Unlike other commercial hubs in rural Alaska, Nome is a “wet” city, with bars and liquor stores. Nome has many of them for the three-fourths of the Alaska Native population that has an alcohol problem, which greatly concerns Pastors David and Julie. At this bar, the sign below the word “Saloon” says, “Headquarters for the Sin City of Nome.”
Pastor Julie’s and David’s Methodist Church is Nome’s oldest Protestant Church, established 1900.
I went with Pastor Julie to radio station KICY, where she broadcasts a weekly half-hour sermon. KICY is the only U.S. radio station that can legally broadcast into Russia. It focuses its 50,000 watt signal on Russia every night.
Julie and David also work with the Thrift Store, which is next to the church.
Nome is far from home, about 3,400 miles. The North Pole is much closer, just 1,759 miles, and Nome is only 141 miles south of the Arctic Circle.

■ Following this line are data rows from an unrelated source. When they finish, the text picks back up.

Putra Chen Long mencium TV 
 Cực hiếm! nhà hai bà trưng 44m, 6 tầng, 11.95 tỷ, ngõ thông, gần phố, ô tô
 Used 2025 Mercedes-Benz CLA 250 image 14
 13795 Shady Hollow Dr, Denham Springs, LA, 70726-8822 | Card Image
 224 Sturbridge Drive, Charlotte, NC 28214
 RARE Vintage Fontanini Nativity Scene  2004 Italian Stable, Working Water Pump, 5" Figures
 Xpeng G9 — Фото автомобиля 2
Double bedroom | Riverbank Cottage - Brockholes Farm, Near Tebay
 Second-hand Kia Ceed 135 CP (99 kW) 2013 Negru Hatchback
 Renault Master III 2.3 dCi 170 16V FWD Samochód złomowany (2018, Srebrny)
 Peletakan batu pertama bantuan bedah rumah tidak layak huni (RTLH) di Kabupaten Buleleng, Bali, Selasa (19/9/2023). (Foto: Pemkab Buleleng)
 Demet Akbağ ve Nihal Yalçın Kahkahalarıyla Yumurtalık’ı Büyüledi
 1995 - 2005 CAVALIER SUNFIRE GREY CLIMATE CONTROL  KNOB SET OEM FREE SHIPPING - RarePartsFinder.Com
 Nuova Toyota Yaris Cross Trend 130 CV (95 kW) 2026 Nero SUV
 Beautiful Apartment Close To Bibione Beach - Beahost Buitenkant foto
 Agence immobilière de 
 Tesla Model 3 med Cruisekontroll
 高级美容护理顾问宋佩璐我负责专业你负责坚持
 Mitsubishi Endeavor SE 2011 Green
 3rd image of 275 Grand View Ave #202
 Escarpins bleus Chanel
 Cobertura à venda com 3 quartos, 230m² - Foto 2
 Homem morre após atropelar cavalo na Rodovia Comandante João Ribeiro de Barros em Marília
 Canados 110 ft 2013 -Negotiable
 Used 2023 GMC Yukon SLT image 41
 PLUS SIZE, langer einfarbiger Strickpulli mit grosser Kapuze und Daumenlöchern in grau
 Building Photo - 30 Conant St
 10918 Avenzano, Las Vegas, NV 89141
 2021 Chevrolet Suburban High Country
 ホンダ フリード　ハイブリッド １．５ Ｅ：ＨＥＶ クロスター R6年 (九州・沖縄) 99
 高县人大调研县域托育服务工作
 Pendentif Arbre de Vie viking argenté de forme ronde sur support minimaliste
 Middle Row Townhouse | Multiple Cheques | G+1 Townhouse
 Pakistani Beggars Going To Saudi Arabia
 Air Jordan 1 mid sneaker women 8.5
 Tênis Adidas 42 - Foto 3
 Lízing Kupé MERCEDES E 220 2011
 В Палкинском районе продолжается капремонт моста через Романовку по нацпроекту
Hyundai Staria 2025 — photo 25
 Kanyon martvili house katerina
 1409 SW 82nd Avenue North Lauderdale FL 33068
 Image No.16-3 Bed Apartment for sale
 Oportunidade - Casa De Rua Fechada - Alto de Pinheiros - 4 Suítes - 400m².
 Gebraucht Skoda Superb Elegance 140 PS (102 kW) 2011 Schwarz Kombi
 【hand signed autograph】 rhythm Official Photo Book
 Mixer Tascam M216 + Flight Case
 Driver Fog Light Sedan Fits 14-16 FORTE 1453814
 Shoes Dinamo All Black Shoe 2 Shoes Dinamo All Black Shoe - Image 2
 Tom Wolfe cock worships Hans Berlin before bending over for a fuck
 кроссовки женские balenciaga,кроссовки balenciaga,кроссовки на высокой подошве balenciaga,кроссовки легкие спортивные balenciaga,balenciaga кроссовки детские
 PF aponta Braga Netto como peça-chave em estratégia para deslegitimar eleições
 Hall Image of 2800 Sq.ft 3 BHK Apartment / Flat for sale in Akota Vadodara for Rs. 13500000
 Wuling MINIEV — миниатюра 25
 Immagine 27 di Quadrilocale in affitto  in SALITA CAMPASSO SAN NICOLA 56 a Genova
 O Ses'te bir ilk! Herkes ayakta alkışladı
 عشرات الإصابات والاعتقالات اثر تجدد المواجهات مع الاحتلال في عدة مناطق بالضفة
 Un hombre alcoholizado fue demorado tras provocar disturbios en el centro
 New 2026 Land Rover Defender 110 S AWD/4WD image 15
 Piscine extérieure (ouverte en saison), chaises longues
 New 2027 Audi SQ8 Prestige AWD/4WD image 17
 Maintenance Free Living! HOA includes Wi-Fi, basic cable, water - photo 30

The Iditarod Trail Sled Dog Race starts near Anchorage and ends here in Nome more than 1,000 miles away. This famous race is the most popular sporting event in Alaska. It commemorates the most famous event in the history of Alaskan mushing, the 1925 serum run to Nome.
A diphtheria epidemic threatened Nome, especially the Eskimo children who had no immunity to the “white man’s disease.” But the nearest quantity of antitoxin was in Anchorage. Both of the planes in Alaska had never been flown in the winter, so the governor ordered the serum to be sent by train 298 miles to Nenana, where they passed it just before midnight on January 27 to the first of twenty mushers and more than 100 dogs who relayed the package 674 miles from Nenana to Nome.
The dogs ran in relays, with no dog running more than 100 miles. The Norwegian Gunnar Kaasen and his lead dog Balto arrived on Front Street in Nome on February 2 at 5:30 a.m., just five and a half days later. Here is the sign today on Front Street.
Here are typical homes in Nome. Typical, except for the pelts drying in the front yard and other local decorations.
This morning just as the sun rose the moon set. This is the view from my favorite (essentially the only) restaurant here, The Polar Cafe.
No matter how far we go in this world we all share the same sun and moon. And Earth.